In principle, the reference to a composite object may traverse via a long sequence of references along the corresponding class composition hierarchy. However, in most cases, the longer the sequence of references traversed, the weaker the semantic linkage between the original object and the referenced composite object. For example, an attribute vehicles owned of an object class student could refer to another object class car, which may contain an attribute auto dealer, which may refer to attributes describing the dealer’s manager and children. Obviously, it is unlikely that any interesting general regularities exist between a student and her car dealer’s manager’s children. Therefore, generalization on a class of objects should be performed on the descriptive attribute values and methods of the class, with limited reference to its closely related components via its closely related linkages in the class composition hierarchy. That is, in order to discover interesting knowledge, generalization should be performed on the objects in the class composition hierarchy that are closely related in semantics to the currently focused class(es), but not on those that have only remote and rather weak semantic linkages.
Construction and Mining of Object Cubes
In an object database, data generalization and multi dimensional analysis are not applied to individual objects but to classes of objects. Since a set of objects in a class may share many attributes and methods, and the generalization of each attribute and method may apply a sequence of generalization operators, the major issue becomes how to make the generalization processes cooperate among different attributes and methods in the class (es).
“So, how can class-based generalization are performed for a large set of objects?” For class based generalization, the attribute-oriented induction method developed in Chapter 4 for mining characteristics of relational databases can be extended to mine data characteristics in object databases.
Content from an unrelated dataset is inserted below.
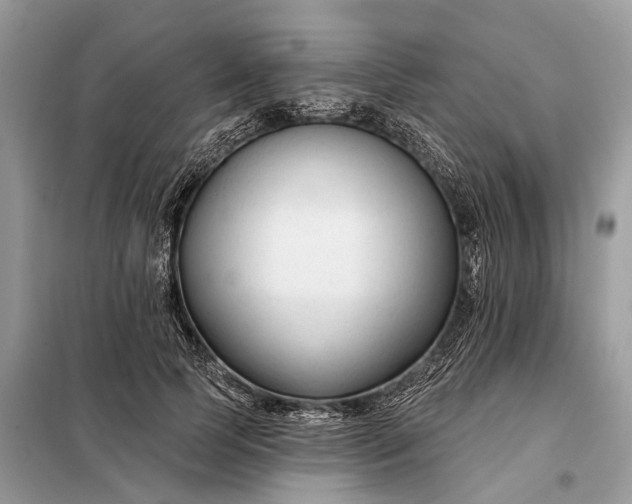X0000098210745200805081134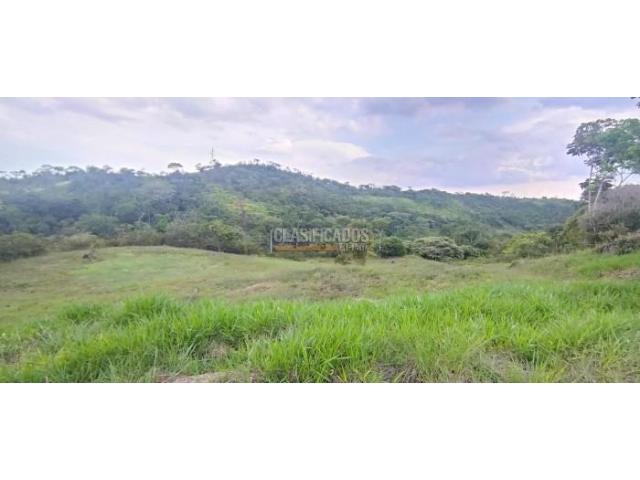 Lotes, Venta en Pance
Consider that a generalization-based data mining process can be viewed as the application of a sequence of class-based generalization operators on different attributes. Generalization can continue until the resulting class contains a small number of generalized objects that can be summarized as a concise, generalized rule in high-level terms. For efficient implementation, the generalization of multidimensional attributes of a complex object class can be performed by examining each attribute (or dimension), generalizing each attribute to simple-valued data, and constructing a multidimensional data cube, called an object cube. Once an object cube is constructed, multidimensional analysis and data mining can be performed on it in a manner similar to that for relational data cubes.
Notice that from the application point of view, it is not always desirable to generalize a set of values to single-valued data. Consider the attribute keyword, which may contain a set of keywords describing a book. It does not make much sense to generalize this set of keywords to one single value. In this context, it is difficult to construct an object cube containing the keyword dimension. We will address some progress in this direction in the next section when discussing spatial data cube construction. However, it remains a challenging research issue to develop techniques for handling set-valued data effectively in object cube construction and object-based multidimensional analysis.
Generalization-Based Mining of Plan Databases by Divide-and-Conquer: To show how generalization can play an important role in mining complex databases, we examine a case of mining significant patterns of successful actions in a plan database using a divide-and-conquer strategy. A plan consists of a variable sequence of actions. A plan database, or simply a plan base, is a large collection of plans. Plan mining is the task of mining significant patterns or knowledge from a planbase. Plan mining can be used to discover travel patterns of business passengers in an air flight database or to find significant patterns from the sequences of actions in the repair of automobiles. Plan mining is different from sequential pattern mining, where a large number of frequently occurring sequences are mined at a very detailed level. Instead, plan mining is the extraction of important or significant generalized (sequential) patterns from a planbase.